The World Bowling Writers (WBW) International Bowling Hall of Fame was established in 1993 and is located in the International Bowling Museum and Hall of Fame, on the International Bowling Campus in Arlington, Texas.

==History==
The International Bowling Museum and Hall of Fame was located at 11 Stadium Plaza, St. Louis, Missouri, USA, and shared the same building with the St. Louis Cardinals Hall of Fame Museum, until November 8, 2008. It moved to Arlington and reopened in early 2010. In 2012, the WBW was merged with the International Bowling Media Association.

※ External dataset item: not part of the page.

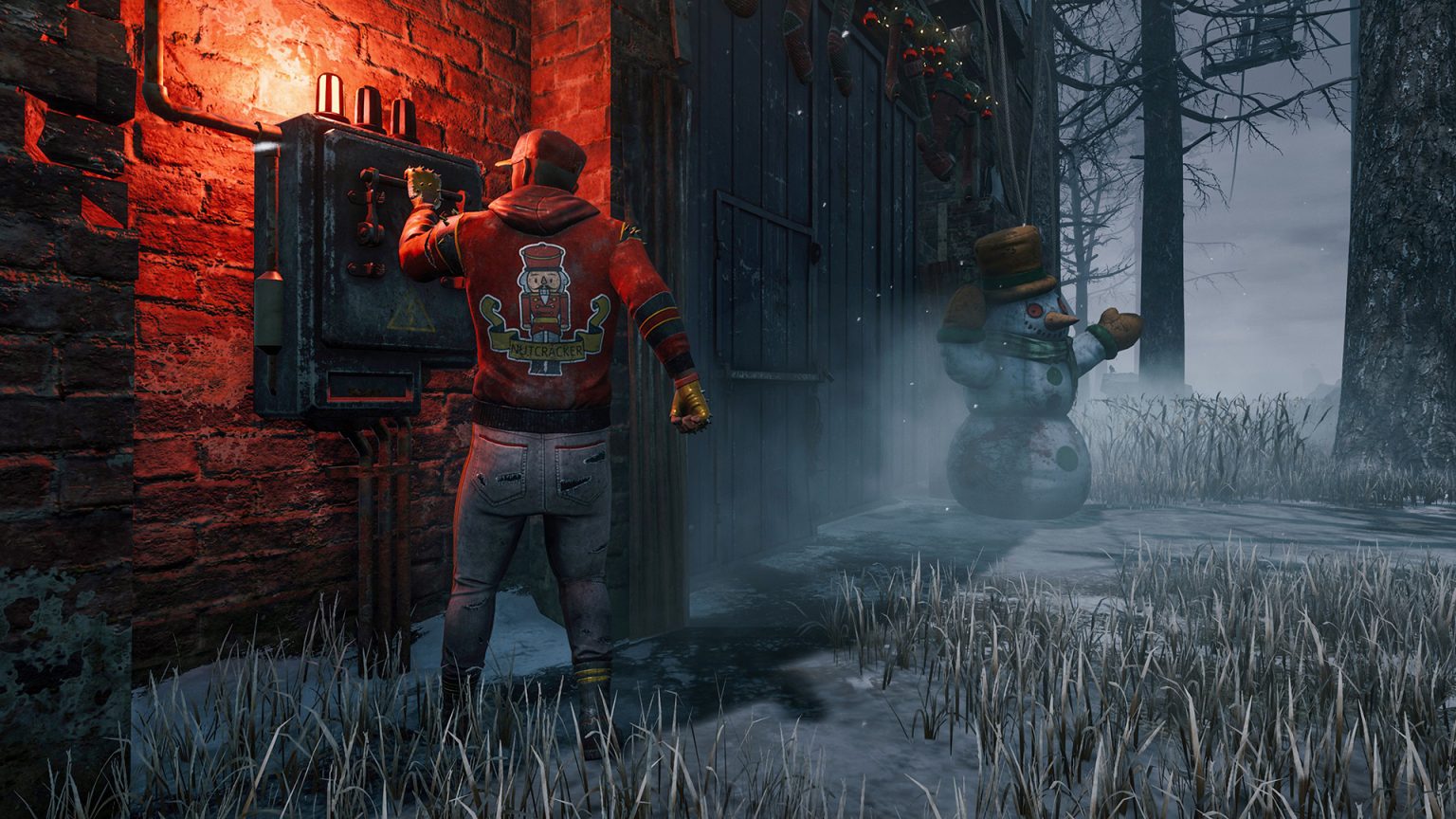 Dead by Daylight Winter Event Bone Chill Starts Today Here's How it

After the merger, the WBW Hall of Fame inductees became part of the IBMA Luby Hall of Fame.

==Criteria for election==
WBW Hall of Famers are chosen strictly in the basis of athletic performance, to even qualify for consideration, a player must be an amateur and accumulate a minimum of 15 points in any combination of four specifically designated international competitions;
- the International Bowling Federation (IBF) World Championships
- the Bowling World Cup
- the IBF adult Zone Masters Championships
- and the Olympic Games

with gold medals occurring in an event other than five-person team. Five points are credited for a gold medal, three points for silver, and one for bronze.

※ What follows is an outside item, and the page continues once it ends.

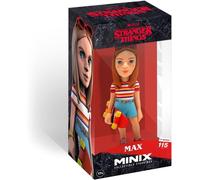 STRANGER THINGS Minix MAX Figura Estatuilla 12cm Serie 1 Original TV 115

Each summer, the WBW Administrator scans a database to determine eligible candidates and sends ballots with those players’ names and resumes to current officers of the World Bowling Writers, which formed the Hall's Board.

==Election process==
There are two election categories: Men and Women. Voters may cast one vote in each category for every three names listed, as well as one vote for any remaining group of fewer than three names in that category. The man and woman who receive the highest number of votes are elected.

In the event of a tie, multiple candidates of the same category may be elected, provided each tied candidate receives at least two-thirds of the total votes cast in that category for that year. If this threshold is not met, no candidate is elected in that category for that year.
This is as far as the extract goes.